Problem requirements
Below are the entries. Print only the lines starting at the one with "Leporello-Album Wartburg udn" and ending at the one with "ZCHOMI Spring Easter", exactly, with no pictures.

Data shown
━━━━━━━━━━━━━━━━━━━━━━━━━━━━━━
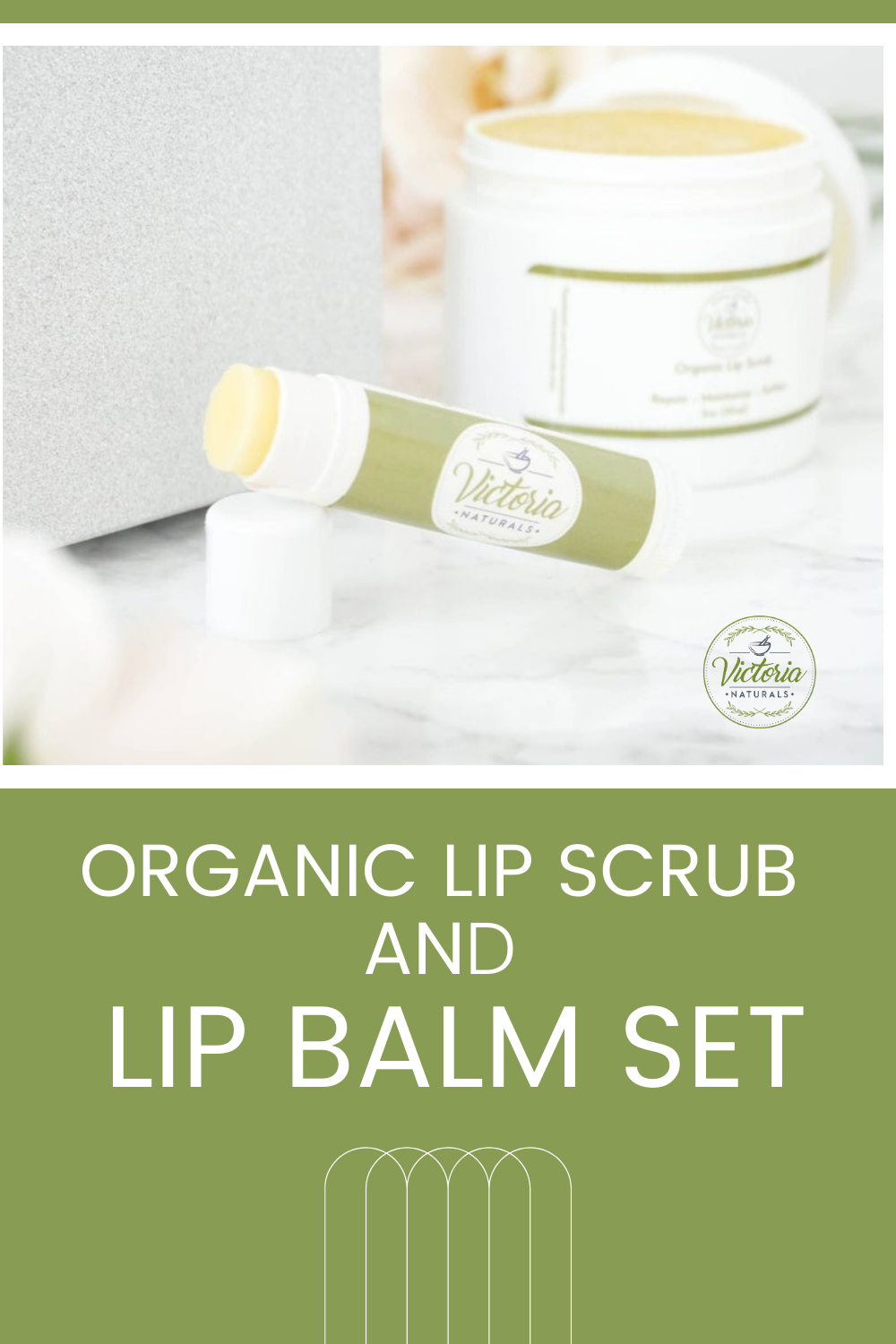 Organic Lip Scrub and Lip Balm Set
━━━━━━━━━━━━━━━━━━━━━━━━━━━━━━
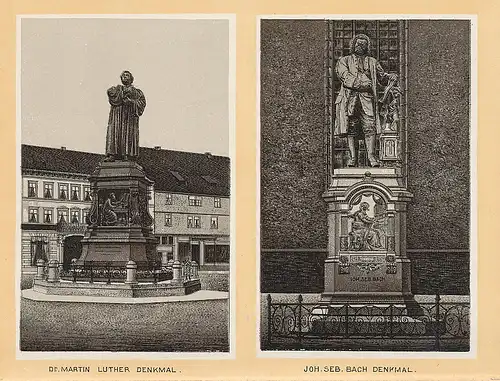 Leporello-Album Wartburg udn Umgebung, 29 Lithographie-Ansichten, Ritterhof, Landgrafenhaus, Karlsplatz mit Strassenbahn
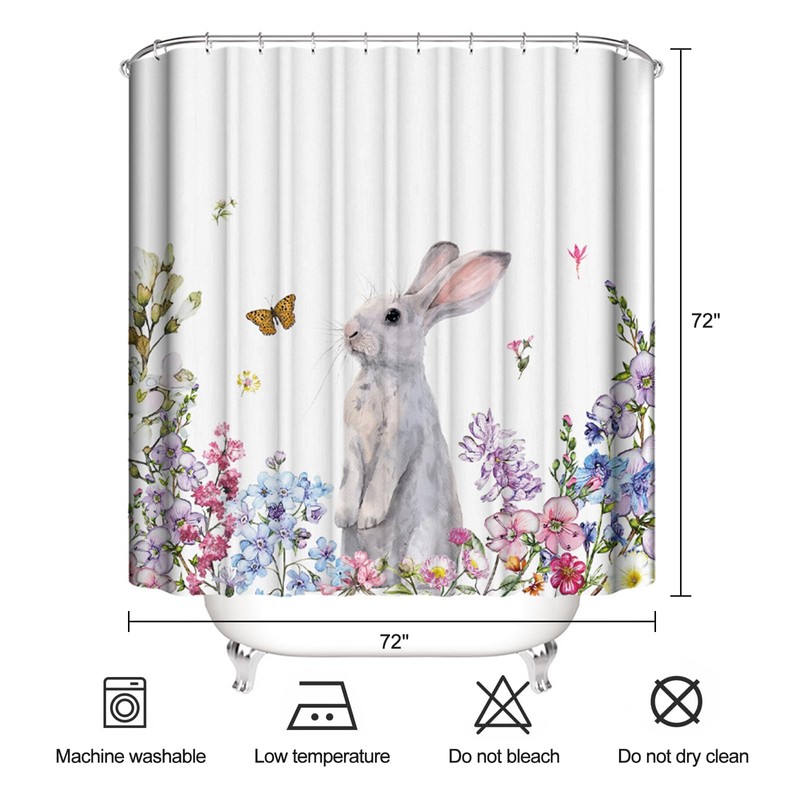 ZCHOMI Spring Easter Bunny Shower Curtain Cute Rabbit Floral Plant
━━━━━━━━━━━━━━━━━━━━━━━━━━━━━━
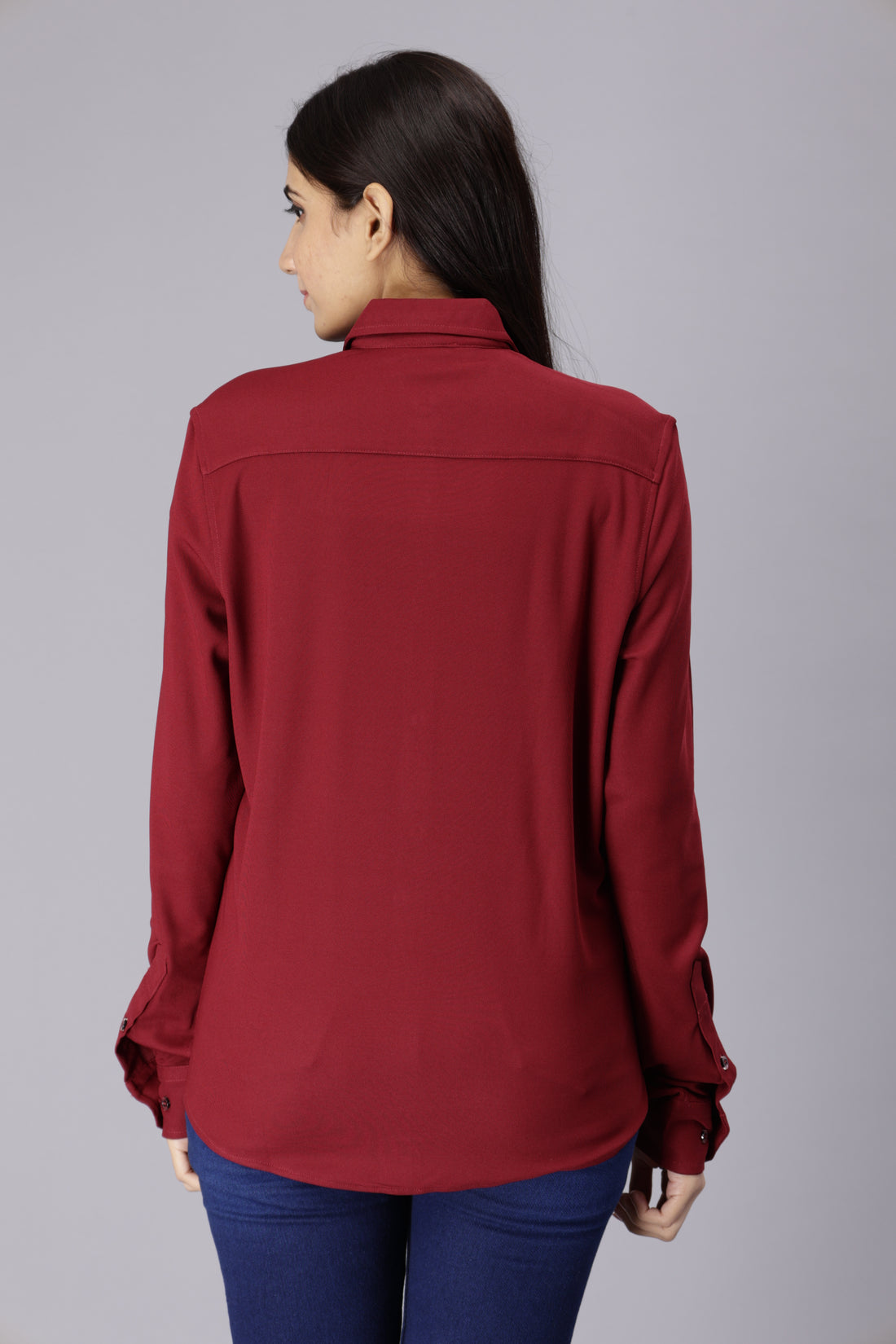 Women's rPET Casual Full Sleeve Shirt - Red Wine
━━━━━━━━━━━━━━━━━━━━━━━━━━━━━━
The completed task
 Leporello-Album Wartburg udn Umgebung, 29 Lithographie-Ansichten, Ritterhof, Landgrafenhaus, Karlsplatz mit Strassenbahn
 ZCHOMI Spring Easter Bunny Shower Curtain Cute Rabbit Floral Plant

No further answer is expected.